Businessman PitfallOn Dec. 6, 2019 Gov. Andrew Cuomo signed into law New York state’s version of the Uniform Partition of Heirs Property Act (RPAPL §993) (UPHPA). Practitioners should be aware of the pitfalls this new law brings to partition actions. One example: Many partition complaints filed in New York City ask, as a matter of course, for the relief of sale of the property and a division of the proceeds of sale among the owners.
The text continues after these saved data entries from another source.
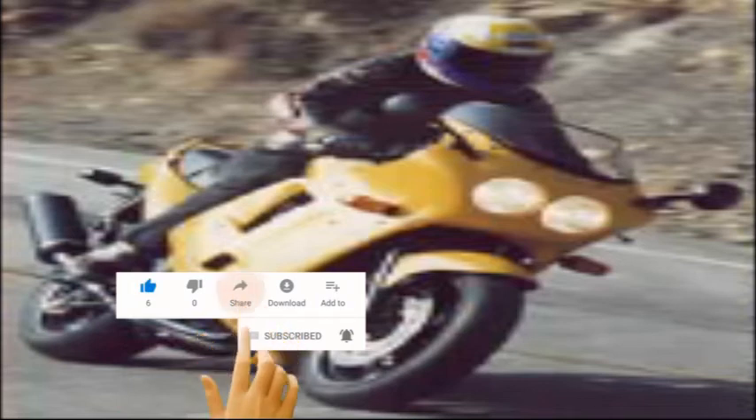6th place: Buell S2 Thunderbolt. What on earth is that doing here? Some testers questioned the Buell's inclusion in the test. After all, every other motorcycle here has four cylinders and a whole lot more power — right there you have the primary reason for the Buell being at the bottom of the heap. But we felt that the made-in-America motorcycle, the only one in the test, would stand comparison with the rest of the super bikes, and in some situations it does. On a twisty road, the torquey Buell will stay with the pack. When the road straightens out, however, the Buell is left flailing far behind as the four-cylinders head for the horizon.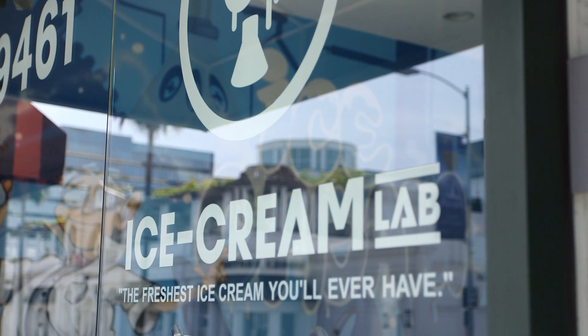Thank you guys so much. I can't wait to see you at the 626 Night Market. Please come in and drop by in Beverly Hills whenever you have a chance.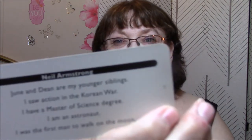The last thing is — and if you guys follow me on Facebook, I am starting to do a Who Am I question of the day — this is a game, Ridley's Game Room Who Am I Quiz. Yesterday I asked: June and Dean are my younger siblings. I saw action in the Korean War. I have a Master of Science degree. I am an astronaut. And I was the first man to walk on the moon. Who am I? And at the top it says Neil Armstrong. So I'm putting it to the back and I am going to keep going with these and ask a question every day. My Facebook link is down below, feel free to follow me.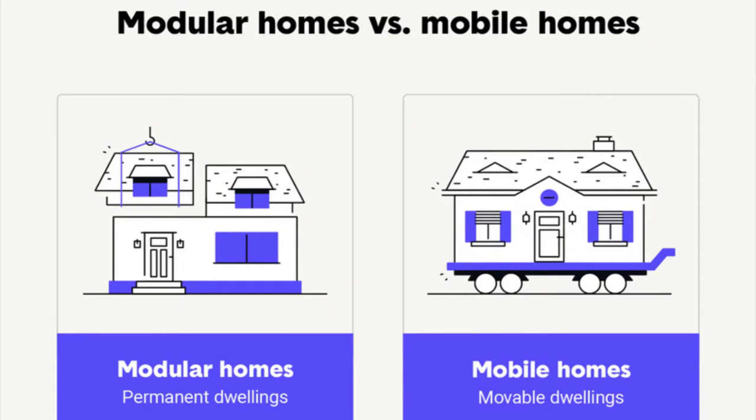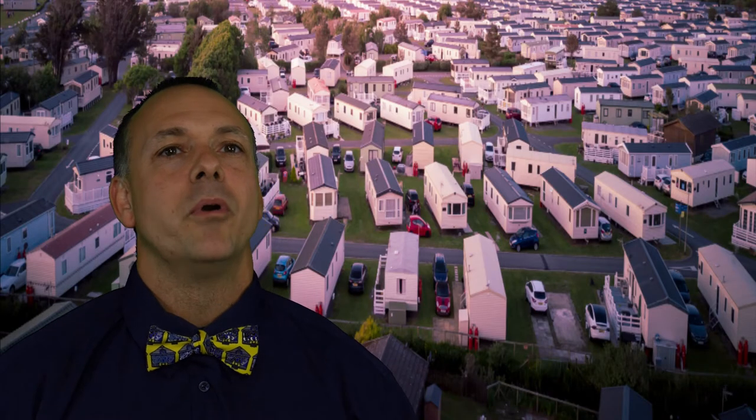Now let's get right into it. Today I'm going to discuss the difference between mobile homes and modular homes. Very similar properties, but actually quite different. Let's take a look at mobile homes first.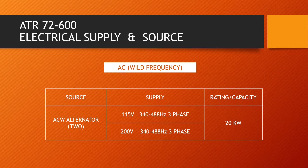There are two ACW alternators fitted on the reduction gearbox of each side, driven by the propeller. Each ACW alternator is of 20 kilowatts capacity and generates 115 volts and 200 volts, 340 to 488 hertz three phase AC wild frequency supply. Usable ACW supply will be available at or above 70.8 percent NP, but ACW supply will not be available if the propeller brake is on or the propeller is feathered.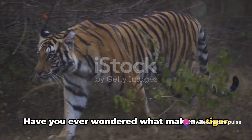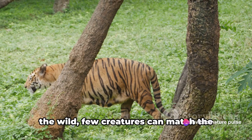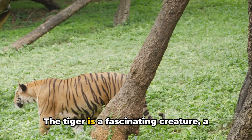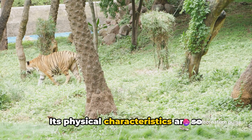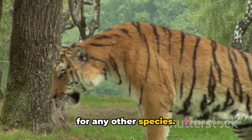Have you ever wondered what makes a tiger so unique and captivating? In the realm of the wild, few creatures can match the majestic allure of the tiger. The tiger is a fascinating creature, a perfect blend of beauty and raw power. Its physical characteristics are so distinctive that they can't be mistaken for any other species.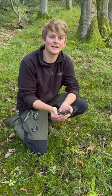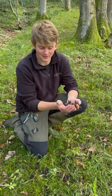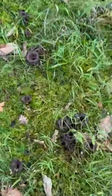Hi, I'm Jordan from Wildfood UK. We're out foraging again and I'm a very happy forager today. We have come across some gourmet mushrooms, some of the best mushrooms in the UK.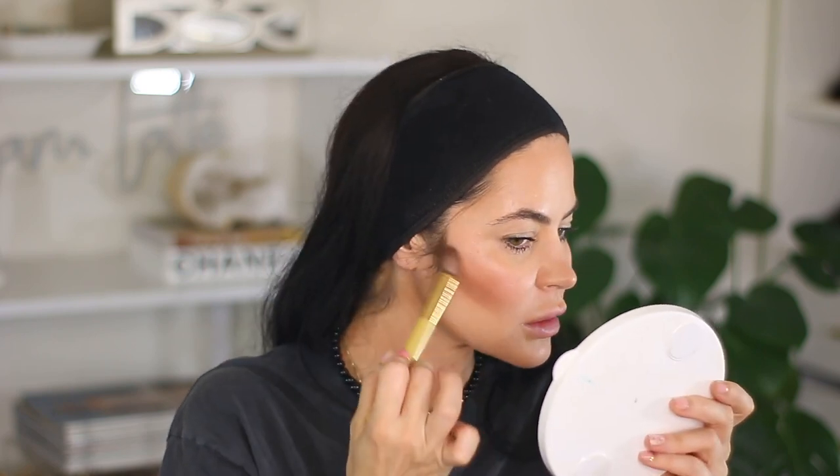I need to blend that out more but much more precise — so you can get your contour right where you want it. I'm gonna take the warmer bronzer and buff it out with light pressure. That doesn't look super natural at the moment, so I'm just going to buff it out.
However, under the UPHPA, if the property for which the complaint seeks partition qualifies as “heirs property” as defined by RPAPL §993[2](e), then the filing of a complaint requesting a sale now constitutes an agreement by the plaintiff that his or her interest may be acquired by other co-tenants who have not requested a partition by sale at a value determined by the court. Thus, what might merely seem a form pleading has now become a vehicle to give an option to co-owners to purchase the plaintiff’s interest at a court-set price. This is a valuable right, and one that should not be given away by a party’s counsel without proper consultation.

The relevant provision of the new statute states:

Every co-tenant who requests or joins a request for partition of heirs property by sale has thereby agreed that his or her interest may be acquired in accordance herewith at the value determined under subdivision six of this section by the co-tenants who have not sought or joined in the request for partition by sale.